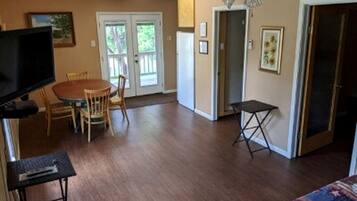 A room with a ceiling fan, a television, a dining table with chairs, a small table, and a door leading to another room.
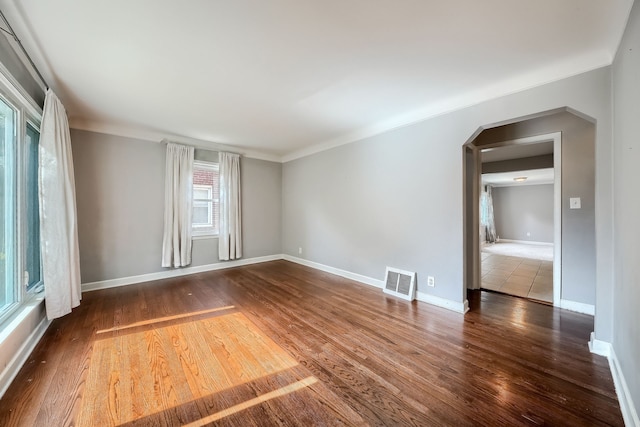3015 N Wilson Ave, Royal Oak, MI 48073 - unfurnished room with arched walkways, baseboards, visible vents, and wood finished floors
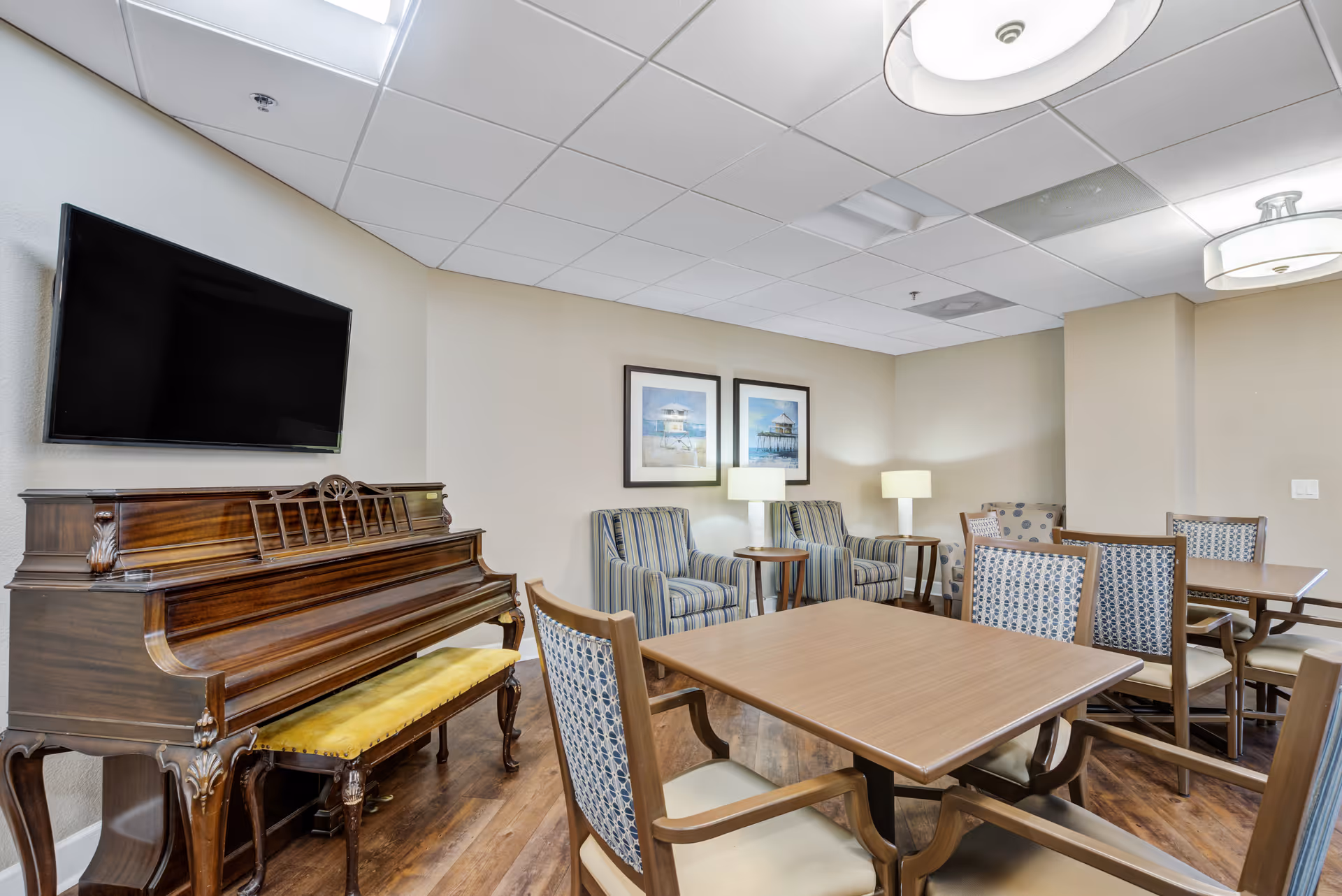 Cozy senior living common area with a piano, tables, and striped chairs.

ACTION ITEM :: Once the pictures are removed, copy the material above exactly.

ANSWER BOX ::
 A room with a ceiling fan, a television, a dining table with chairs, a small table, and a door leading to another room.
3015 N Wilson Ave, Royal Oak, MI 48073 - unfurnished room with arched walkways, baseboards, visible vents, and wood finished floors
 Cozy senior living common area with a piano, tables, and striped chairs.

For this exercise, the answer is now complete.